Sound quality metrics
Sci-Mech makes acoustic measurements on the seat track in the sound-proof stations using National Instrument’s NI PXI-4462 24-bit dynamic signal acquisition (DSA) module with GRAS Type 40 AE .5-in. prepolarized free-field microphones with Type 26CA preamplifiers powered directly from the PXI-4462.
Noise, vibration and harshness (NVH) specialist and National Instruments Alliance Partner Signal.X Technologies, of Milford, Mich., worked with Sci-Mech and the customer to measure sound quality metrics using LabVIEW and the Sound and Vibration Measurement Suite. Metrics considered included Peak A-weighted SPL, Zwicker Stationary Loudness (Sones), pseudo time varying loudness, key harmonic detection, periodic and non-periodic impulse indicators, and rpm variation and drift.
A key requirement of the production environment is that metrics offer intuitive explanations of possible defects based on industry-standard formulations. It is notable that the metric set is a hybrid of objective and subjective parameters focused on ensuring a repeatable production process. As a set, the metrics can correlate to subjective human impressions of the sound of the seat track, as well as direct indication of specific defects that will fail one or more objective metrics. This approach to noise and vibration performance assessment with Signal.X technology ensures that only quality seats earn a passing grade.
The 15-station test line, which includes various platforms and systems, runs on a single Ethernet network. Because of the high digital channel counts required for a project as complex as the current seat cushion assembly and test line, a desktop PC alone could not support the required number of PCI boards. The team chose NI PXI remote chassis to perform the extensive data acquisition and communicate to the PC-based controller. They also used two NI PXI-6511 low-cost, industrial digital input modules, which provided 128 bank-isolated 24 V inputs.
With bank isolation, it was possible to connect the Turck sensors directly to save assembly time, reduce circuit complexity, and decrease cost. Two NI PXI-6512 low-cost, industrial digital l/O modules for the 128 bank-isolated digital outputs allowed the team to connect to the devices directly from the module’s breakout box without putting every signal through an optical isolator. With so many channels, this saved setup time as well as panel space.
To control the servo motors of the system, they used an NI 7340 four-axis motion controller and an NI 7774 four-axis motion control interface to a Rockwell Control Logix 5561 controller. Full driver integration with the NI Measurement & Automation (MAX) configuration utility offered an intuitive graphical user interface (GUI) for setup and troubleshooting.
To assist in the software design phase and reduce overall programming time, they used the LabVIEW State Diagram Toolkit to concurrently visualize program architecture and develop code.
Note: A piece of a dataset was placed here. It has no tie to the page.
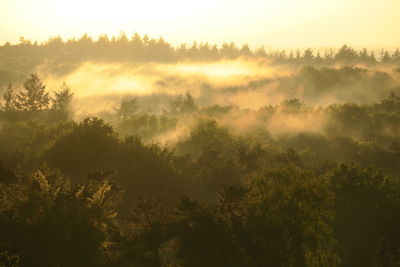 Trees in forest against sky during sunset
With the LabVIEW State Diagram Toolkit, it was possible to share machine operation concepts with Sci-Mech management and the client.
The team also used the NI Motion Assistant to set up the initial motion profiles. This tool helped save hours of development time and was very useful in the initial setup of the servo motors. It was possible to safely check the acceleration and deceleration ramp profiles and overall velocities of the automotive seat testing system before program implementation.
Benefits of the NI platform
Sci-Mech and Signal.X Technologies used LabVIEW and NI PXI hardware to deliver an advanced production line test system for seat tracks that incorporates sound quality as a part of the functional tests, ensuring the parts meet the highest quality standards with 100 percent testing.